Rarely do I snag anything from The New York Times or The Wall Street Journal as an entree into an essay on Adam Smith, Esq. (not because there’s anything the least wrong with them, but because I figure you’ve probably already seen it), but rules are made to have exceptions, so today I invite your attention to The Myth of Main Street, published in print yesterday in The Times’ “Sunday Review” opinion section. The author is one Louis Hyman (a name new to me), listed as an “economic historian”—an excellent start—and director of the Institute for Workplace Studies at the ILR School at Cornell.

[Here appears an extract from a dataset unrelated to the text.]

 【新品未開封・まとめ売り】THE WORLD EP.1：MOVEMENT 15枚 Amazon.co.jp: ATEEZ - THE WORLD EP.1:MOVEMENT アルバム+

What is “the myth of Main Street?” In Mr. Hyman’s recounting:

Main Street is a place but it is also an idea. It’s small-town retail. It’s locally owned shops selling products to hardworking townspeople. It’s neighbors with dependable blue-collar jobs in auto plants and coal mines. It’s a feeling of community and of having control over your life. It’s everything, in short, that seems threatened by global capitalism and cosmopolitan elites in big cities and fancy suburbs.

Mr. Hyman’s hook for his article is obviously—he says so—President Trump’s refrain of “making America great again,” which can without fear of contradiction be deemed to embrace “making Main Street great again.” (Yesterday, today, and always, ASE is resolutely nonpartisan and apolitical; my, and Mr. Hyman’s, recitation of our President’s slogan is fact not opinion, description not critique, and positive not normative economics.)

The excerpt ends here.